Tentu saja tak ada pemeriksaan, seleksi, atau pelatihan profesional. Bahkan, sosok komandan dipilih berdasarkan siapa yang paling berwibawa di antara mereka.
Citra dari kelompok-kelompok pejuang ini, di antara orang-orang yang langsung menjumpainya, pun lebih menyerupai jagoan.
Laporan seorang jurnalis yang ditemukan Steedly, misal, menuturkan para pejuang di Sumatera Timur tampil memakai bot dengan dua revolver di sisi kiri dan kanan pinggangnya.
Kemiripan mereka dengan koboi bukan kebetulan. Jurnalis bersangkutan lanjut memaparkan, para pemuda ini memang terinspirasi figur-figur jagoan dari kebudayaan populer seperti jago tembak Amerika, laskar Islam, samurai, dan sejenisnya.
Satu hal jelas di sini. Dengan perjuangan mereka, para pemuda ini berhasrat mengejar citra diri yang gagah.
Satu artikel bertajuk "Sikap Angkatan Muda", yang terbit tahun 1946 di sebuah media nasionalis, bahkan mengungkapkannya dengan lebih benderang.
Artikel tersebut menyerukan kepada para pemuda, "Bentuklah jiwamu menjadi Diponegoro muda, Teuku Umar muda, Tuanku Imam Bondjol muda."
Periode kemerdekaan dan imajinasi perang, kalau boleh saya mengartikannya, menjadi panggung bagi para pemuda untuk merasa dirinya adalah seseorang.

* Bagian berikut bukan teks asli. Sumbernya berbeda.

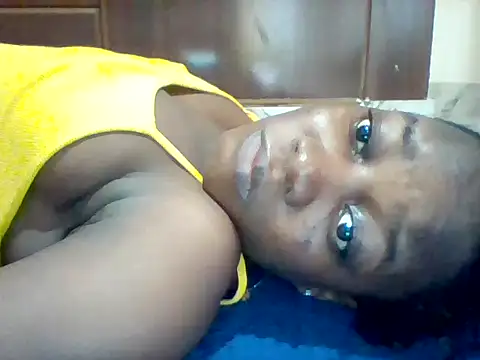 Snapshot of zainaxxxxx chatting on 06/19/26, 09:24 zainaxxxxx online show from 06/19/26, 09:24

Kendati kita bisa mengatakan inisiatif perjuangan didorong oleh kebutuhan para pemuda untuk memaknai hidupnya, persoalannya, dampak gawatnya nyata.
Perang berarti melenyapkan pihak tertentu. Harus ada mereka yang menjadi musuh, korban, disingkirkan.
Dengan kenyataan para pejuang ini bukan tentara yang terorganisasi, tak heran yang juga acap berkecamuk pada periode itu bukanlah perang terhadap pihak lain melainkan terhadap diri sendiri-terhadap imajinasi ihwal "yang lain".
Pembakaran jamak terjadi terhadap permukiman dan toko-toko warga Tionghoa. Satu kesaksian yang ditemukan James Siegel bercerita, camat sebuah daerah di Jawa Barat yang berpihak pada republik harus menyelamatkan warga Tionghoa di tempatnya dengan mengungsikan mereka.
Para pejuang mendirikan pos di mana-mana, yang mengharuskan orang lewat menyapa "merdeka" agar tak disangka antek Belanda.